Nos quedaremos cortos si, atendiendo a lo que es medible, despreciamos el fenómeno que subyace a todo este malestar. Y es que la identidad masculina y su posición en el mundo se han determinado tradicionalmente a partir del papel que estos hombres jugaban en la esfera pública y, muy especialmente, en el mundo laboral. 

“La masculinidad sigue estando fuertemente ligada al rol de proveedor o sustentador del hogar, con una identidad masculina definida en gran medida por el trabajo. Así, la incapacidad económica para cumplir con esas expectativas ha avanzado más rápido que los cambios en la comprensión cultural de lo que significa ser hombre. La frustración que produce no poder responder a las expectativas económicas de la masculinidad afecta profundamente la salud mental y el estatus de los hombres. En este contexto, los discursos que apelan a restaurar el rol de proveedor culpando a otros grupos resultan más atractivos que la tarea, mucho más difícil, de redefinir la masculinidad.”

Para los hombres, tener una carrera profesional era un objetivo vital tan íntimo, tan deseado y tan necesario, como lo es para muchas mujeres tener hijos. Y seguro que se puede criticar que ese fuera un rol tradicional impuesto por una sociedad del que habría que liberarse -como ocurre, por otra parte, con la imposición social de tener hijos. Pero el hecho es que tenemos una legión de hombres jóvenes que tienen el deseo de cumplir con el rol que les habíamos asignado y que no pueden hacerlo.

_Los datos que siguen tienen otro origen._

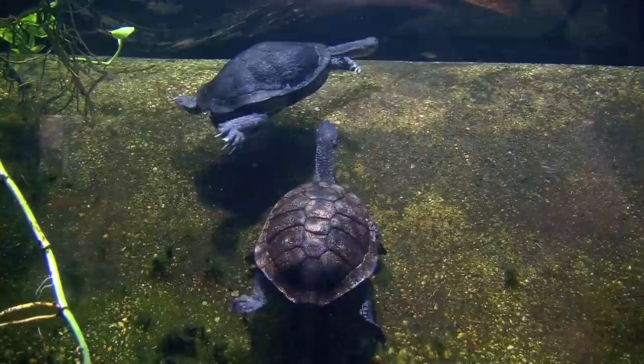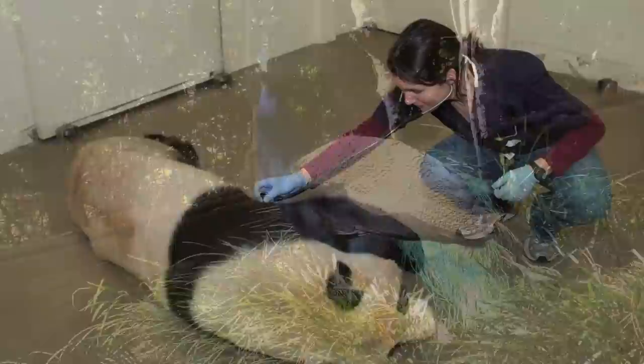I'm Katherine Hope. I'm a staff veterinarian at the Smithsonian's National Zoo. The main purpose of my job here is to maintain the health of the animals within our collection.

Imaginemos que, para conseguir ese objetivo de la igualdad de género, a alguien se le hubiera ocurrido pedir a las mujeres que renunciasen a su deseo —impuesto, condicionado, aprendido, sí, pero real y sentido— de tener hijos. ¡Sería un escándalo! Estarían las consultas de las psicólogas llenas -más aún- de mujeres intentando poner sentido a semejante renuncia. Habría un nombre para ese fenómeno y un hashtag y se diseccionaría en las secciones de opinión de los periódicos.

¿Entonces por qué normalizamos de esta manera pedirle a los hombres que hagan lo mismo? ¿Si la revolución feminista se produjo sin pedirle a las mujeres que renunciaran a nada, por qué nos parece bien pedírselo a los hombres? ¿Si en otras esferas de la vida no aceptamos que las cosas sean un juego de suma cero donde alguien tiene que perder, por qué en este caso nos rendimos a que los hombres tengan que perder ese rol en su vida profesional?

Tenemos entre manos una profunda crisis de la masculinidad que nos afecta a todos y a todas. Una para la que, además, no tenemos aún ni la mitad de las respuestas. Y sería increíble que fueran los propios hombres los que encontraran los espacios para elaborar una nueva forma de estar en el mundo para ellos. Pero, como dice Bell Hooks, el primer acto de violencia que el patriarcado exige de los hombres no es la violencia hacia las mujeres, es que se ensañen en un ejercicio de automutilación psicológica para aniquilar sus propias partes emocionales.

Y son precisamente esos hombres emocionalmente amputados los que están teniendo que hacer la transición hacia nuevas formas de masculinidad mientras se desmoronan los anclajes que les habían dado seguridad y certidumbre en el pasado. 

Sería de justicia que este camino no lo tuvieran que hacer ellos solos.